Street Directions in Hong Kong

Most of my days are spent finding ways to more efficiently move data from one place to another. In website development we live and die by the reality that if our site doesn’t start to load within 3 seconds people move on to the next site. In this light processing data faster becomes an obsession. Complexity slows things down, so programming is all about making a complex thing as simple as possible, but not too simple, to get the job done. The computer scientist David Gelernter is quoted as saying, “Beauty is more important in computing than anywhere else in technology because software is so complicated. Beauty is the ultimate defense against complexity.”1

Leaving for Hong Kong was difficult for me. I didn’t know what to expect, I was nervous about meeting people, and I wasn’t quite sure why I was doing any of this in the first place. Hong Kong is the most densely populated city in the world, so I was expecting crowds and traffic – complexity. Doctoral research is complicated. The foster system, which I will be writing my dissertation on, is complicated. While all of these things are complex in their own way, what I learned about them and myself is that within the complexity there can be beauty.

When people ask me about my experience in Hong Kong I will almost always refer back to the concept of efficiency. As mentioned before Hong Kong is the most densely populated city in the world, but in spite of that reality things moved without the gridlock one might expect. For example the Mass Transit Railway system (MTR) is very widely used. It can be crowded, but in spite of that it runs with a near German precision. The train arrives, one crowd gets off, the next gets on, and the train is off again. The train is efficient, but so are the people. Everyone knows the routine, except possibly our visiting horde of westerners, and they follow it, which results in efficiency. We were told that even the escalators in the train stations move faster than normal to more efficiently move people in and out of the station. The combination of the cultural knowledge of how the trains run and the structural setup of the system (faster escalators, on time trains, clear communication) serves to make what is a complex situation into an elegant solution.
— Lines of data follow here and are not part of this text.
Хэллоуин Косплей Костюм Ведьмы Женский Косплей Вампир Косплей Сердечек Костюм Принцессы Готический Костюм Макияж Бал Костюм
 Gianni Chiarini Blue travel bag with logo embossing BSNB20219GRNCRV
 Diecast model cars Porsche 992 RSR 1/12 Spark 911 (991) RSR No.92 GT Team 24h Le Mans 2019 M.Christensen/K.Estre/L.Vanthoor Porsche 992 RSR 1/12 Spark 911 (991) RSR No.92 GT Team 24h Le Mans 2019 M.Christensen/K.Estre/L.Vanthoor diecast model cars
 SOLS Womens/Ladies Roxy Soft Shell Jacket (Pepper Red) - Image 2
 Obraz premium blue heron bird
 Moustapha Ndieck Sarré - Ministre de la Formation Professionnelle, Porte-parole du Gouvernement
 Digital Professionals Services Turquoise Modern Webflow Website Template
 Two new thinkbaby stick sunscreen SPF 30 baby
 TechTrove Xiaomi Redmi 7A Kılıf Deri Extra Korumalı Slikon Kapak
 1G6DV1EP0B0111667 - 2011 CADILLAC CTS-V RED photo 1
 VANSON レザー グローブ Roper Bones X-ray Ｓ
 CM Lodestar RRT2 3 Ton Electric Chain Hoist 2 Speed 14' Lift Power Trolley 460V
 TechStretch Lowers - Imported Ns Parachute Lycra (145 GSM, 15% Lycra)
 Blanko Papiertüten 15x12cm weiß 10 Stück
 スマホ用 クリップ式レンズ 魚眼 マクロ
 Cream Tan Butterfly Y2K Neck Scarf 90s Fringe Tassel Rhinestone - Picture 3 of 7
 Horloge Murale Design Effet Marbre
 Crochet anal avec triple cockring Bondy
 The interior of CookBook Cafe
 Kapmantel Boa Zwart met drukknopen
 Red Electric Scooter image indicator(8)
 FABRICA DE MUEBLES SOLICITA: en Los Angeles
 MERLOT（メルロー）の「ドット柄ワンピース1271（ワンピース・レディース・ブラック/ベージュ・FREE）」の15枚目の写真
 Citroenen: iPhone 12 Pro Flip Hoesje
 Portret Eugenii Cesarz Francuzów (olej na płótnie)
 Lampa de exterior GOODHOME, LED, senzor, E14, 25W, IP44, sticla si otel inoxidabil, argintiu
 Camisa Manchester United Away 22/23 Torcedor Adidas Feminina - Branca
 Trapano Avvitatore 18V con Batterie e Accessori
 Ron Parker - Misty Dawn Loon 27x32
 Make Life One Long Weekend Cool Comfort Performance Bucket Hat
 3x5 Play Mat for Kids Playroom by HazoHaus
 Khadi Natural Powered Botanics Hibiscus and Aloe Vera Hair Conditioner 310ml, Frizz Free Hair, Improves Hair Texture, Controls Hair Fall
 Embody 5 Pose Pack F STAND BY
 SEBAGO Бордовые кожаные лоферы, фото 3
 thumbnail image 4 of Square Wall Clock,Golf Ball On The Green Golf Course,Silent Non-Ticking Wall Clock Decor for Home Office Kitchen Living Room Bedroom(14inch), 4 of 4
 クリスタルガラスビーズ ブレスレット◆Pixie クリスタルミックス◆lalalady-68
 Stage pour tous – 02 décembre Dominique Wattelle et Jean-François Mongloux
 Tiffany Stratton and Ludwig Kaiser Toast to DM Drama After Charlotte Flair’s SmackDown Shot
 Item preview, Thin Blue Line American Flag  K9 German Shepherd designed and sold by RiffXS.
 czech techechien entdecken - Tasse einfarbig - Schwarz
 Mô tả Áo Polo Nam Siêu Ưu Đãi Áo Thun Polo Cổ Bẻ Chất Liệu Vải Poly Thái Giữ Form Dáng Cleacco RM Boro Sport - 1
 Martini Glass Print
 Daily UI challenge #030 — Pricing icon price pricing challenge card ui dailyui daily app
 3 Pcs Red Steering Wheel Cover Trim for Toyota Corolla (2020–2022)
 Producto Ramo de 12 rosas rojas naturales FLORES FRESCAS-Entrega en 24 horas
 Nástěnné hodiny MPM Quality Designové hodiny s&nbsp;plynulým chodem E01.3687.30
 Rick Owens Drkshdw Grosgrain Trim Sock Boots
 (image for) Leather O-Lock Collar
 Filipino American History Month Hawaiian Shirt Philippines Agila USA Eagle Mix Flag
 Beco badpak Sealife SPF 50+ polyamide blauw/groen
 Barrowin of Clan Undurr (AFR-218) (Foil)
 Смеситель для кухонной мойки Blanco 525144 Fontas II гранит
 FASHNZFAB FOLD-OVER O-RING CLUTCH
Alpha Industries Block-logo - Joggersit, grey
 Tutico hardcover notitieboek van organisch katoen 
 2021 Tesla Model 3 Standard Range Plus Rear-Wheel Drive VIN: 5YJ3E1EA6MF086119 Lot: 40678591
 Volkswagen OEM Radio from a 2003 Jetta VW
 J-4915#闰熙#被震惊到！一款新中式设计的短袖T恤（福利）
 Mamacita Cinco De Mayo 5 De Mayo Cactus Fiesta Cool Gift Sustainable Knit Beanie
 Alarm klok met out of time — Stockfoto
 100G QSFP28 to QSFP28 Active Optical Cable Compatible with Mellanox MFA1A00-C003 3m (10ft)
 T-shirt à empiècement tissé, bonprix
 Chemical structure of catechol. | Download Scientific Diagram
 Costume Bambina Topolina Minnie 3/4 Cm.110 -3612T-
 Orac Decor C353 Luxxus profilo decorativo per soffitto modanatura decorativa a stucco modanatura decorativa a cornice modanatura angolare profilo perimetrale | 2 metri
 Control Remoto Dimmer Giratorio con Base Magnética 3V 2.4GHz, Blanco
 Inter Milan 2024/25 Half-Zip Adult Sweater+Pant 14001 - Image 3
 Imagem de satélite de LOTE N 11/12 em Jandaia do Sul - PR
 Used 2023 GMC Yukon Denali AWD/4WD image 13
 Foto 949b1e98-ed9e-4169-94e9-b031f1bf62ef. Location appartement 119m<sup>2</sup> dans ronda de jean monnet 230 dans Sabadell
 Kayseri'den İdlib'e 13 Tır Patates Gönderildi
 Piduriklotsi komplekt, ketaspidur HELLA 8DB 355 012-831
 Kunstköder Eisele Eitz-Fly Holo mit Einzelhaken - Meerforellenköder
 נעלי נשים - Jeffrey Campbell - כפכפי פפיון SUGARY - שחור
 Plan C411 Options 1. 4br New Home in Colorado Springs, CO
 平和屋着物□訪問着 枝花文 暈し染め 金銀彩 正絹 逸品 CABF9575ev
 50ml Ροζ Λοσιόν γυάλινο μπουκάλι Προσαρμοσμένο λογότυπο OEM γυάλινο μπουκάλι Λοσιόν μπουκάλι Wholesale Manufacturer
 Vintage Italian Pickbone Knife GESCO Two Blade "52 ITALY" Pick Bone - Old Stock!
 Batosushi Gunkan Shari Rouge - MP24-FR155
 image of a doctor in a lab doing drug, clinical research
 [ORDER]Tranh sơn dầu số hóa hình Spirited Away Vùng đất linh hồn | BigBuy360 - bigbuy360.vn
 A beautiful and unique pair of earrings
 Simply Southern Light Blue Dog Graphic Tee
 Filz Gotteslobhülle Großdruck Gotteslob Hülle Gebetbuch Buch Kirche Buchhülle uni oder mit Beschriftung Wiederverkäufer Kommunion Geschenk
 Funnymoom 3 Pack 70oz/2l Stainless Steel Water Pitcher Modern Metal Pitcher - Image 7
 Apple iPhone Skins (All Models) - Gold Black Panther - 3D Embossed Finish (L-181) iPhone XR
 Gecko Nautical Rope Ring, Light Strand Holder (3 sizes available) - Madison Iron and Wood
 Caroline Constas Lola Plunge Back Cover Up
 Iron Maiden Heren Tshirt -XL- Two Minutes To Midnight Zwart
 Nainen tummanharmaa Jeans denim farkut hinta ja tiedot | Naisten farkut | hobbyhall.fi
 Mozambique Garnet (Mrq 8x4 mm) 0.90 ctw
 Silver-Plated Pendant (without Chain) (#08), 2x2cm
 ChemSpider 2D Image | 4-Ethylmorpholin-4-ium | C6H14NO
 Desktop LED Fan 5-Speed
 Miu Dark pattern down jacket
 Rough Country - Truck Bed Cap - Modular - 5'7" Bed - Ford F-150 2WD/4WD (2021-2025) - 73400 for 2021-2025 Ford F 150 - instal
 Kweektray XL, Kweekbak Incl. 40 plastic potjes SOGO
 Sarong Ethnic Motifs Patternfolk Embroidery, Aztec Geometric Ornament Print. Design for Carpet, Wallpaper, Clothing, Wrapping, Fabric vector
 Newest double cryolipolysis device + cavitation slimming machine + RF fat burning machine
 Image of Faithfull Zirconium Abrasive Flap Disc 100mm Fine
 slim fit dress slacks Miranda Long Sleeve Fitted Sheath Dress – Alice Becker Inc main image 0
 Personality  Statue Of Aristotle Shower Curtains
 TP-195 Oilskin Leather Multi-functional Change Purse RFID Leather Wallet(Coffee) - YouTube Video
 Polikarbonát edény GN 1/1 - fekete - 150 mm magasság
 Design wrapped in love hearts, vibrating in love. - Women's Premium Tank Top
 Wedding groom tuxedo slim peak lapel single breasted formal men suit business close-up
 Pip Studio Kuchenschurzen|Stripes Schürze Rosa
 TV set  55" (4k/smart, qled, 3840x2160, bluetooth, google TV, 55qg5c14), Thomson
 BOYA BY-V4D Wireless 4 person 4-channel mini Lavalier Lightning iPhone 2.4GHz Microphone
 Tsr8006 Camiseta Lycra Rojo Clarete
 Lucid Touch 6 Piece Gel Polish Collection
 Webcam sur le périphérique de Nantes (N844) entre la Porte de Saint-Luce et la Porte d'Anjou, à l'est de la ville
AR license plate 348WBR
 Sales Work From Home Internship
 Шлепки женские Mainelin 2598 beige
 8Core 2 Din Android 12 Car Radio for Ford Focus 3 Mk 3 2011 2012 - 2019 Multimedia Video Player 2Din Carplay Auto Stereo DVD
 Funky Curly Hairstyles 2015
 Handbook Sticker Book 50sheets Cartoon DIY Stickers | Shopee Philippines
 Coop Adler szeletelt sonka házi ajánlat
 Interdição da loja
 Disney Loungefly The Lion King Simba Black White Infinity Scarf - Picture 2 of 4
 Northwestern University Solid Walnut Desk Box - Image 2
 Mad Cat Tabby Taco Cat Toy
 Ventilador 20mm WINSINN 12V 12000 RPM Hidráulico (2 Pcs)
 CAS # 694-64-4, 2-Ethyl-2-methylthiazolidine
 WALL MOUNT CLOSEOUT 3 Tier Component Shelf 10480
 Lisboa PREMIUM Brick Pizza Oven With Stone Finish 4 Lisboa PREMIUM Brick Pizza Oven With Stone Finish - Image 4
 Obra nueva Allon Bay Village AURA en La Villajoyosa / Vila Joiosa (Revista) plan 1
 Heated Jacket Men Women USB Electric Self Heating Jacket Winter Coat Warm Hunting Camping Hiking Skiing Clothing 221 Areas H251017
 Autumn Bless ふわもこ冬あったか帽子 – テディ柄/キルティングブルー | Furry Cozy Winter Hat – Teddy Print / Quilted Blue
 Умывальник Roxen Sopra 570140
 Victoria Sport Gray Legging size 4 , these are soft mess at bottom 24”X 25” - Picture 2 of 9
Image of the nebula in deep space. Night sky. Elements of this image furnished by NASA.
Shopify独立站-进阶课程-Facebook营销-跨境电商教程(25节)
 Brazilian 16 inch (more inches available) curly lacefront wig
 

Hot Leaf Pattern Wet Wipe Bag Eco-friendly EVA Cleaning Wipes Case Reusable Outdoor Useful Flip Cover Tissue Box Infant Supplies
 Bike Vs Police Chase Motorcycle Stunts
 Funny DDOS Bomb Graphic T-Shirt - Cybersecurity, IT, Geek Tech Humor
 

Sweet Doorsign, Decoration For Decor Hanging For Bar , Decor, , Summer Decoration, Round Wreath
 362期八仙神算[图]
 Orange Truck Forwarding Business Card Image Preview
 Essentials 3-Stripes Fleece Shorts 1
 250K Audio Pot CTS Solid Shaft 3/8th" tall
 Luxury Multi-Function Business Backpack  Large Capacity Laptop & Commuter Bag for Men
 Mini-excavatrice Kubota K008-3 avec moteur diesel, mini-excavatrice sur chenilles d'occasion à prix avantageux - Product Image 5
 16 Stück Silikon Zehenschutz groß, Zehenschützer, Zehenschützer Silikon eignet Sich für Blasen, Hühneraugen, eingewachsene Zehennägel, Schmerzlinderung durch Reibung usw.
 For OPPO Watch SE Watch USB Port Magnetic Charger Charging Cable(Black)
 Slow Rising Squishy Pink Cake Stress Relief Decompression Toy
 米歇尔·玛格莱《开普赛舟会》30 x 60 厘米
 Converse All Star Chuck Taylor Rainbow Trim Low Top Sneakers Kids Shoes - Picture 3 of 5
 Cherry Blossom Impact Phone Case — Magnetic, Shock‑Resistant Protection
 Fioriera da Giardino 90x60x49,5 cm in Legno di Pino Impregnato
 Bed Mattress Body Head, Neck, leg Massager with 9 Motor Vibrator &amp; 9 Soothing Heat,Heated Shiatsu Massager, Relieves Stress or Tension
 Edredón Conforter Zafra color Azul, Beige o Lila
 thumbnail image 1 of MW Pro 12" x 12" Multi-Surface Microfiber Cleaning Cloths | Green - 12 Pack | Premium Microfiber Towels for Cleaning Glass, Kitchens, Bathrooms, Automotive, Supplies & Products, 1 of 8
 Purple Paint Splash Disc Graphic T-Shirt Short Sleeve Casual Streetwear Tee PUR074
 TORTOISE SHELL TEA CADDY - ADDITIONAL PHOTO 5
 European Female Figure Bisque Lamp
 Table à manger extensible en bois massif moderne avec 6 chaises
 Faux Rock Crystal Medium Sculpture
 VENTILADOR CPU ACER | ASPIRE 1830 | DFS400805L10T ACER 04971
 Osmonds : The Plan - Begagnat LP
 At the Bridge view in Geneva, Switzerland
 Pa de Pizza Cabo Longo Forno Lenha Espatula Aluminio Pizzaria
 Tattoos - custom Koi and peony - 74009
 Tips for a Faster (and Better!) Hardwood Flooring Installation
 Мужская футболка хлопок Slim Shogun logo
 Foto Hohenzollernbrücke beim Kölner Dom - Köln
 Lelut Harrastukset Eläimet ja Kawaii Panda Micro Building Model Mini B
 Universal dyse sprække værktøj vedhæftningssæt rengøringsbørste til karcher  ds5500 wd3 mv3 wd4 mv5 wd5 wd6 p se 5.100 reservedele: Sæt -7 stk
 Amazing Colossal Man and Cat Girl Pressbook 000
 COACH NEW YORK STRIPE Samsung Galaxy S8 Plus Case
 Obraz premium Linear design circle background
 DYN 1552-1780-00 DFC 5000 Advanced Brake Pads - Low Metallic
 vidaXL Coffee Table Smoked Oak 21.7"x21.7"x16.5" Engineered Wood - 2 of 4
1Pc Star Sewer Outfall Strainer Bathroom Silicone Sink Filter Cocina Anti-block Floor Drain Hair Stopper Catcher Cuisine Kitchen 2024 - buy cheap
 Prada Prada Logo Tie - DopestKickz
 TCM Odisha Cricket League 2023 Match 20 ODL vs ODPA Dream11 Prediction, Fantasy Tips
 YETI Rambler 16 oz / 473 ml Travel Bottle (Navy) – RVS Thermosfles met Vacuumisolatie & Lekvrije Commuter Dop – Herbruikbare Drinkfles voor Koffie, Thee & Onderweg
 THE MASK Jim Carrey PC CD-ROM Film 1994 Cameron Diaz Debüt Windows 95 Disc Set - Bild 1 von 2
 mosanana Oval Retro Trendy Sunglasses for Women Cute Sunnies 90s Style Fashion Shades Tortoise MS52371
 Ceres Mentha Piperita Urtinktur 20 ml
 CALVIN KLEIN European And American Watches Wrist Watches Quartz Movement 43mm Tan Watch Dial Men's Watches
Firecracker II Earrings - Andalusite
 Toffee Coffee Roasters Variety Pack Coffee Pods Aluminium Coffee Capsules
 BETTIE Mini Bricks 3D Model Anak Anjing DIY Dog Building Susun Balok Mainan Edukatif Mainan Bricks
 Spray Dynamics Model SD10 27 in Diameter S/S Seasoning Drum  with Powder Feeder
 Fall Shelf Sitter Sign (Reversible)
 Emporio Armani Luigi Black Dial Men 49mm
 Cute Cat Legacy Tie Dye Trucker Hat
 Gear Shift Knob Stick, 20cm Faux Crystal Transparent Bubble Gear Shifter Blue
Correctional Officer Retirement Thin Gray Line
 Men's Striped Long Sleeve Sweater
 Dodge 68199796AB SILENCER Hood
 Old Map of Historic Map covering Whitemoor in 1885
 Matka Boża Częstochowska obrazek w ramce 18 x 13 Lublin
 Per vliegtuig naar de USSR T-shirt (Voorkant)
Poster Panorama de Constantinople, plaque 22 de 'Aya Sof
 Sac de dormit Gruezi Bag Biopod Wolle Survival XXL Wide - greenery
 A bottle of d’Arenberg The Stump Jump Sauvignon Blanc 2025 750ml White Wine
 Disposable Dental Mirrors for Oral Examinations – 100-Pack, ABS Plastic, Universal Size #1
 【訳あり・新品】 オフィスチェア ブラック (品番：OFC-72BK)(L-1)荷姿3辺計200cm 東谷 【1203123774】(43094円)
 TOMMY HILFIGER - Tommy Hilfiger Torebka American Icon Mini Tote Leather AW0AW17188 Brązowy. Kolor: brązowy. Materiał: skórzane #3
On October 1 several of us went down to the waterfront to watch the fireworks celebrating the National Day of the People’s Republic of China. We were in a plaza surrounded by several thousand people. As I looked around at the crowd I expected that it would take half an hour at least for the crowd to disperse. The fireworks show ended and within ten minutes everyone was gone, except for our little group of Americans (and one Canadian). We walked back to the train with a crowd, but not a crush, of people. As we stepped on the train to go back to our hotel it was nearly empty. The network of walking bridges throughout Hong Kong made it possible for people to move quickly out of the plaza and disperse to where they were going.

 

I tend to find orientations only mildly helpful. Most of my learning happens when I start to dive into whatever it is the orientation was intended for. The orientation classes this time around were helpful. Once again I saw a very complex thing, doctoral research, broken down into a less complex path. The work will still be complex, but the process of seeing it organized and summarized overcame that complexity. In its own way the organization of the program was beauty overcoming complexity.

Lastly, my research topic of foster care I haven’t touched yet, but it is the lessons of how complexity can be made efficient and beautiful that is driving my move forward. Learning that every writing opportunity is a chance to explore my topic was helpful. Learning where to lean in and where to skim over was helpful.

These things I’ve taken from the time in Hong Kong and they are helping me to explore my life and my research in new and fascinating ways.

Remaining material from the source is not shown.